Die Schwundform hiervon ist der alles und nichts aussagende Schriftzug „One Love“, mit dem nun u.a. der DFB die Kapitänsbinde schmücken möchte – wozu sich passenderweise auch der deutsche ESC-Klassiker „Ein bisschen Frieden“ trällern ließe. Selbst dieses Allerweltsbekenntnis – im Übrigen abgekupfert von dem FIFA-Musikalbum zur WM 2014 (One Love, One Rhythm) – halten manche Delegationen allerdings für eine garstige Unbotmäßigkeit gegenüber dem Gastgeberland.

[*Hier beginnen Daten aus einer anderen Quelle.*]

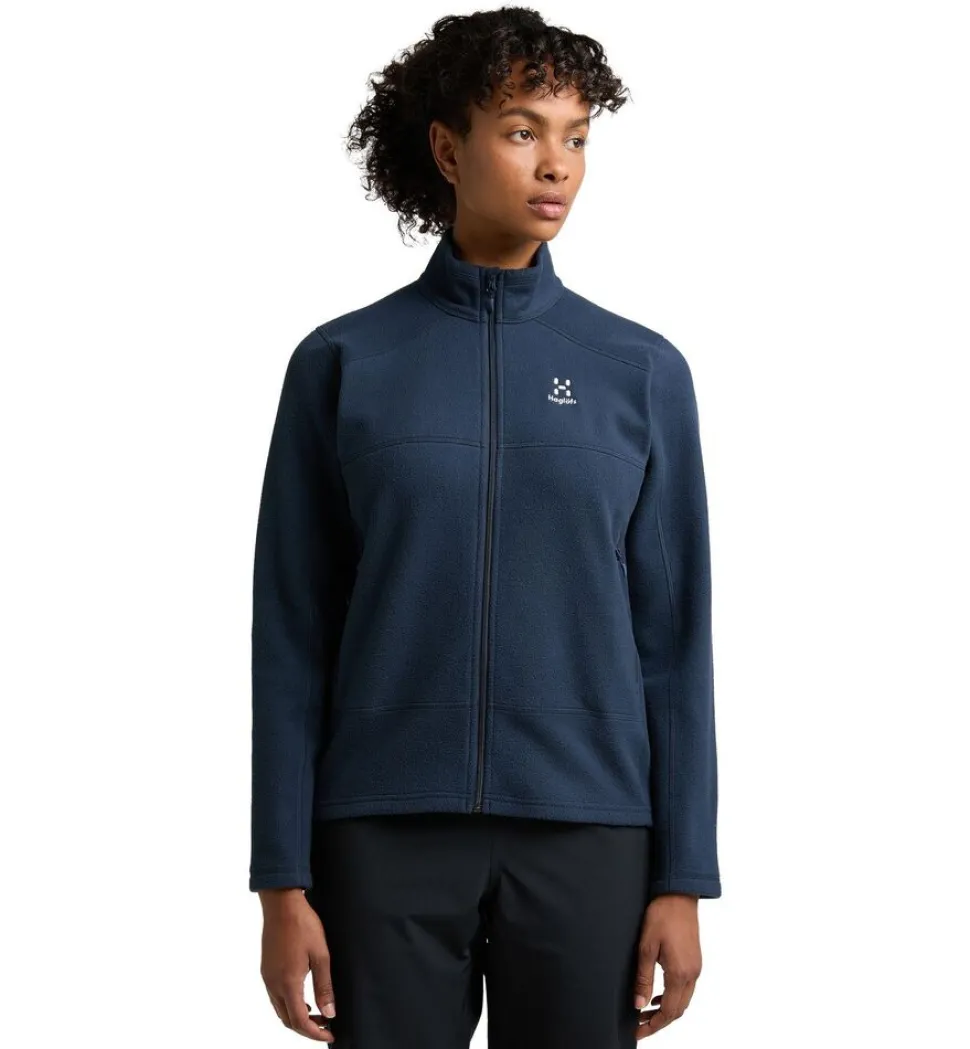 Haglofs Buteo mid jacket women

Angeführt werden diese vorauseilend Gehorsamen bezeichnenderweise von Frankreich (4), wo Katar durch die Bakschisch-Beziehungen zu Ex-UEFA-Präsident Michel Platini und die Alimentierung des Hauptstadtclubs Paris Saint-Germain seit Jahren ein besonders imposantes finanzielles Muskelspiel an den Tag legt. Letzteres dürfte auch entscheidend gewesen sein für die Vergabe der WM an das Land (5).

Wie sich die FIFA doch noch auskontern ließe

Allerdings kann man sich an dieser Stelle auch fragen: Warum akzeptieren eigentlich alle Verbände klaglos die Entscheidungshoheit der FIFA? Mussten die Dänen wirklich dem FIFA-Verbot Folge leisten? Hätten die FIFA-Herrscher es wirklich riskiert, eine Mannschaft aufgrund eines Bekenntnisses zu den Menschenrechten vom Turnier auszuschließen?

Der Gedanke lässt sich noch weiterspinnen: Was wäre eigentlich, wenn alle teilnehmenden Mannschaften sich entsprechende, wenigstens halbwegs aussagekräftige Botschaften auf ihre Trikots drucken lassen würden? Würde die FIFA dann etwa die Weltmeisterschaft absagen? Oder wäre das nicht vielleicht doch die letzte Möglichkeit, dem Fußball einen letzten Rest Anstand zu bewahren?

Nachweise

1. Hornung, Christian: Repräsentative Umfrage: Klare Mehrheit in Deutschland will keine WM-Spiele schauen. Sportschau.de, 11. November 2022.

2. Statista.com: ARD und ZDF: Kosten für die Übertragungsrechte der Fußball-WM bis 2022; 23. Januar 2015.

3. Sportbuzzer.de: Wunsch von Dänemark abgelehnt: FIFA verbietet Menschenrechts-Shirts bei der WM; 11. November 2022.

4. Wieserner, Jörg: Frankreichs Kapitän Lloris verzichtet auf spezielle Binde in Katar. Auch der Verband spricht sich gegen die Initiative europäischer Nationen aus. Kicker.de, 16. November 2022.

5. Holzer, Birgit: Platini, Sarkozy und ein ominöses Mittagessen. Justiz ermittelt seit Jahren: Wie sich Katar den unglaublichen WM-Zuschlag sichern konnte. RedaktionsNetzwerk Deutschland (rnd), 10. November 2022.